One and a half stars

Friends from College Season 1 available July 14 on Netflix

The main characters of Friends From College are supposedly so close that they’ve remained in each other’s lives for 20 years, yet they’re all so unpleasant and treat each other so poorly, it’s hard to imagine they’d want to spend even a few minutes together. That’s just one of the problems with the show, created by filmmaker Nicholas Stoller and his wife Francesca Delbanco.

With a talented ensemble cast, Friends has the potential to be a funny and affecting look at getting older while attempting to hold onto the glories of youth. The six friends (played by Keegan-Michael Key, Cobie Smulders, Annie Parisse, Nat Faxon, Fred Savage and Jae Suh Park), all approaching 40, all graduates of Harvard, are all facing midlife crises of sorts—and handling them very badly. The friends are all obnoxious, grating and unlikable, and the main serialized thread of the first season involves an affair between two of the friends who are married to other people.

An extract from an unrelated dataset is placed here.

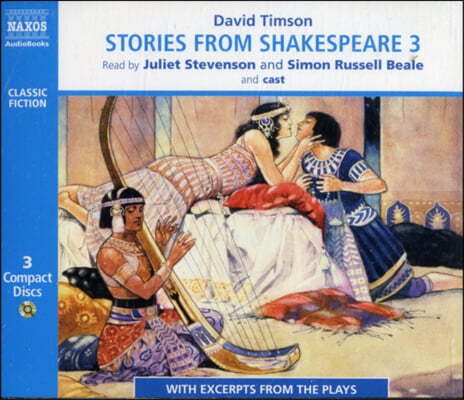 Stories from Shakespeare 3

Stoller balanced humor and relationship drama well in his 2012 movie The Five-Year Engagement, but here the tone veers awkwardly from sitcom clichés to cringe comedy to heavy drama, without any smooth transitions. The writing and direction fail the talented actors (including high-profile guest stars like Kate McKinnon and Seth Rogen), trapping them in annoyingly contrived storylines and unfunny set pieces. These are not the kind of friends you want to keep.